Sweden’s third-largest city has a progressive contemporary feel. Home to Scandinavia’s tallest building, beautiful parks, edgy contemporary museums and some seriously good cuisine, the opening of the Öresund bridge in 2000 has also been undeniably positive, connecting the city to bigger, cooler Copenhagen and creating a dynamic new urban conglomeration.
Such a cosmopolitan outcome seems only natural for what is Sweden’s most multicultural metropolis – 150 nationalities make up Malmö’s head count.
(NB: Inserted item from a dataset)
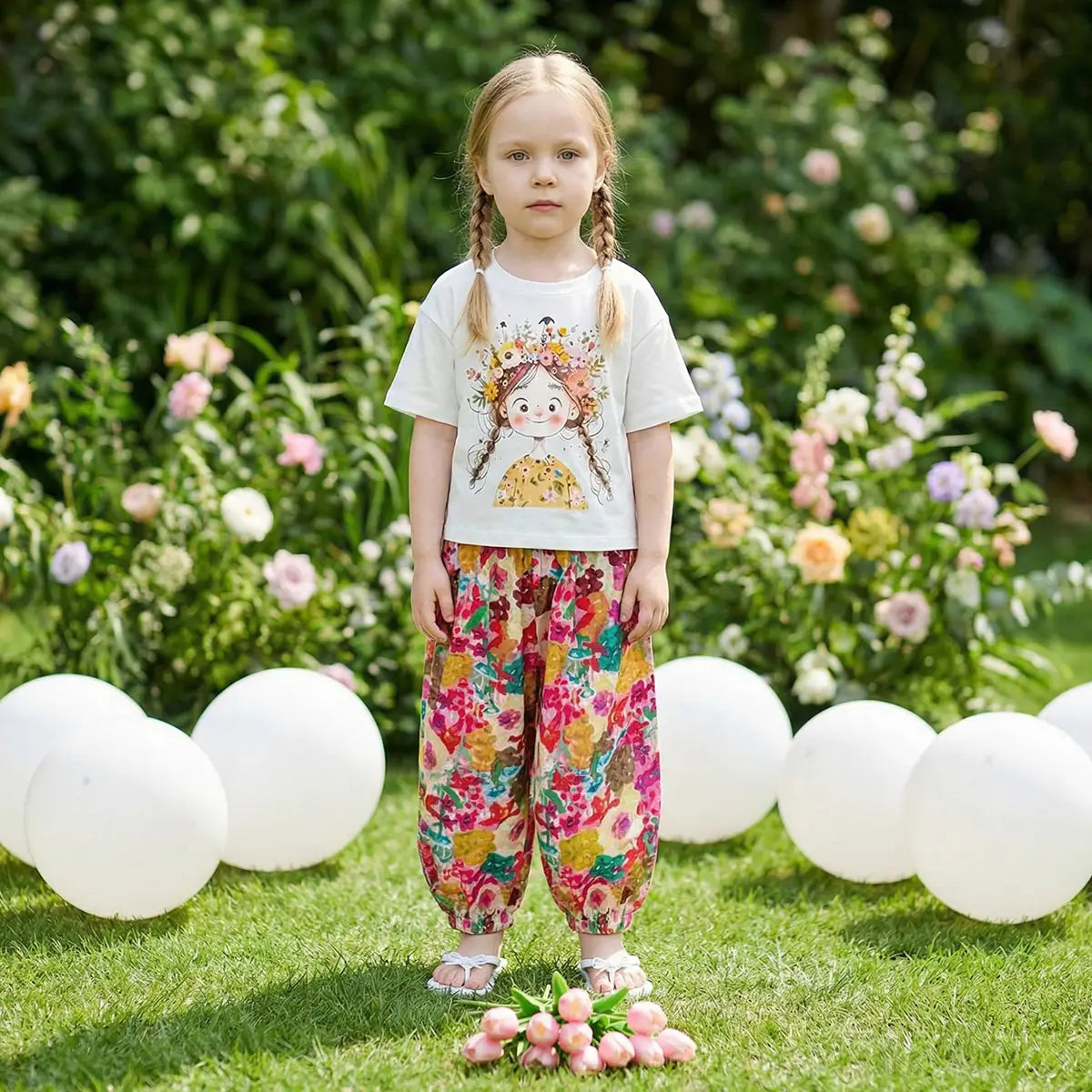 Girls Off White Graphics Short Sleeves Top With Printed Elasticated Hem Pants Set Sets Off White 3-4 Y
Here, exotic Middle Eastern street stalls, urbane Italian coffee culture and hipster skateboard parks counter the town’s intrinsic Nordic reserve.
Even the city’s lively historic core echoes its multicultural past. The showpiece square of Stortorget evokes Hamburg more than it does Stockholm, while nearby Lilla Torg is a chattering mass of alfresco supping and half-timbered houses that give away the Danish connection.
Gamla Staden (Old Town) is Malmö’s heart, encircled by a canal. There are three principal squares here: Stortorget, Lilla Torg and Gustav Adolfs Torg. The castle, Malmöhus Slott, in its leafy park setting, guards the western end of Gamla Staden. Across the canal on the northern side is the snazzy redeveloped harbour precinct, home to some excellent cafes and restaurants.